#### Problem details:
Your transcription must include every record word for word and no pictures.

#### Supplied records:
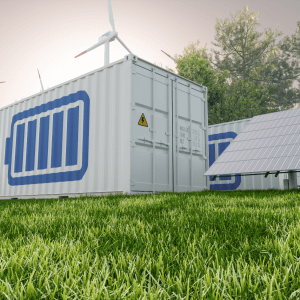 battery energy storage systems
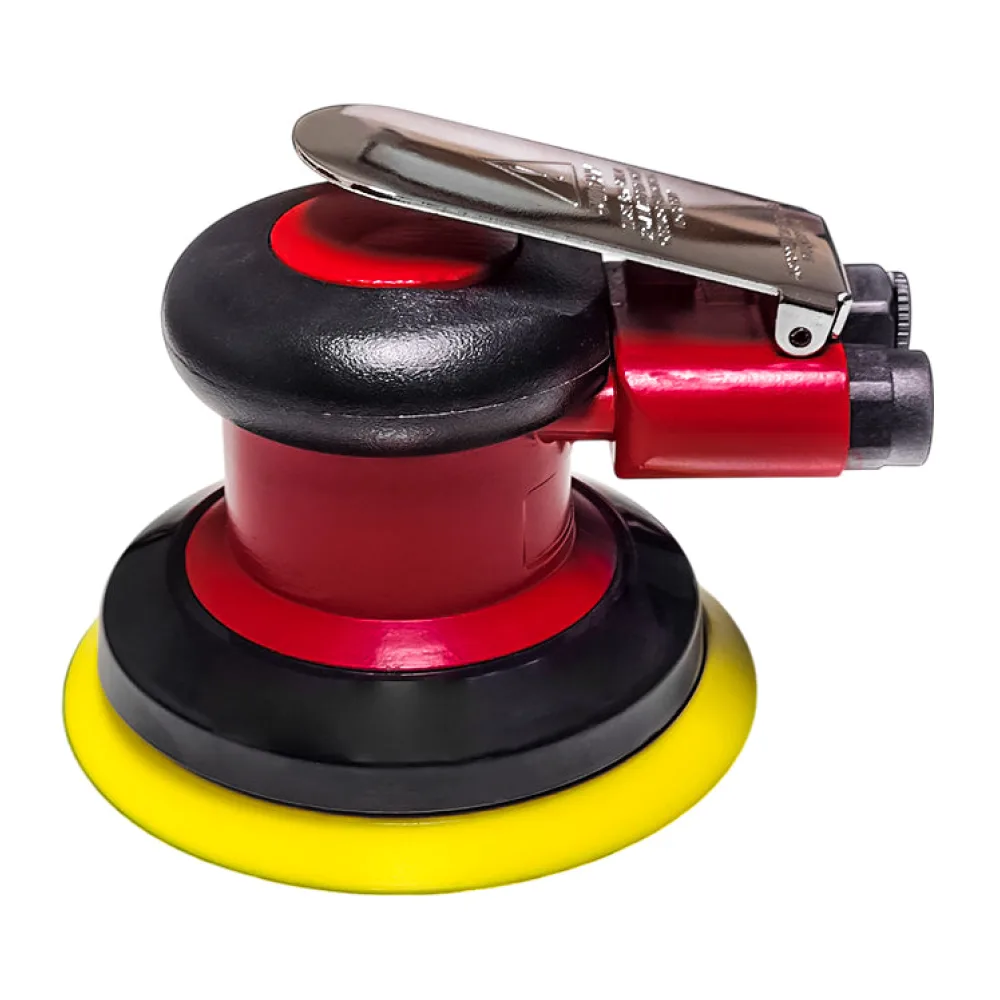 Lijadora Orbital Neumática 5” Profesional Tehtools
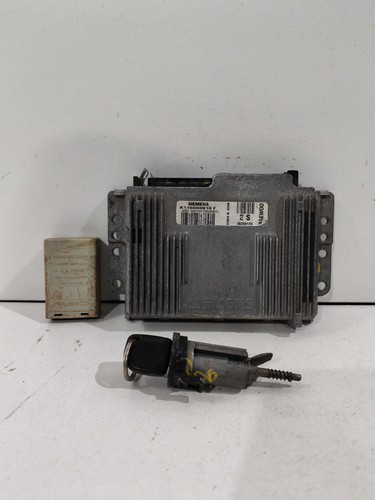 Kit centralina motore ecu - centralina,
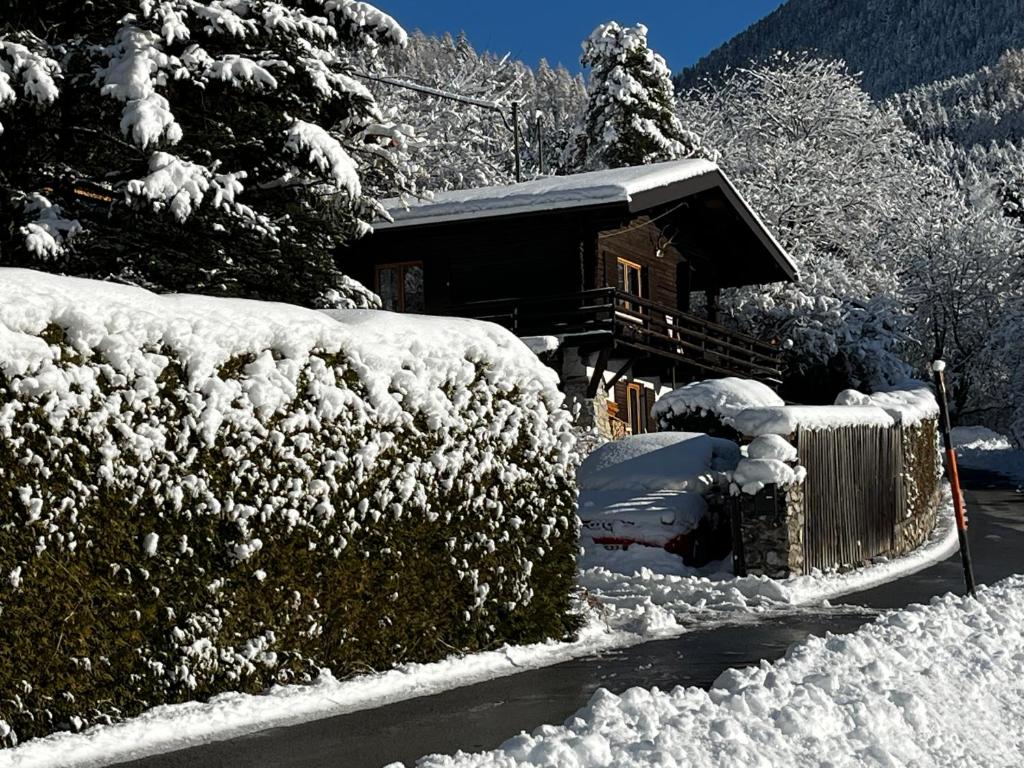 Tiroler Chalet mit toller Aussicht photo 4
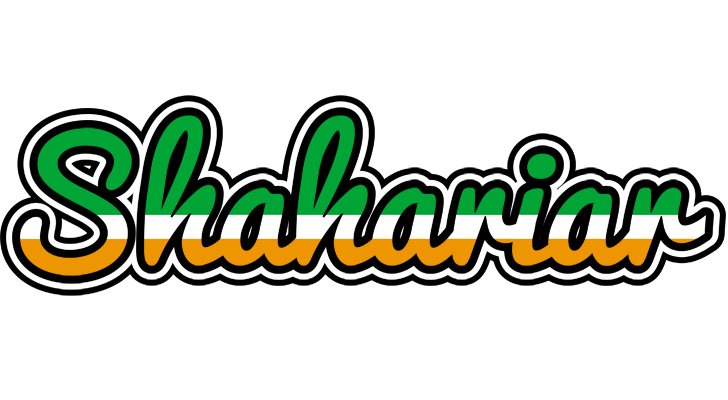Shahariar ireland logo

#### Problem solution:
 battery energy storage systems
 Lijadora Orbital Neumática 5” Profesional Tehtools
 Kit centralina motore ecu - centralina,
 Tiroler Chalet mit toller Aussicht photo 4
Shahariar ireland logo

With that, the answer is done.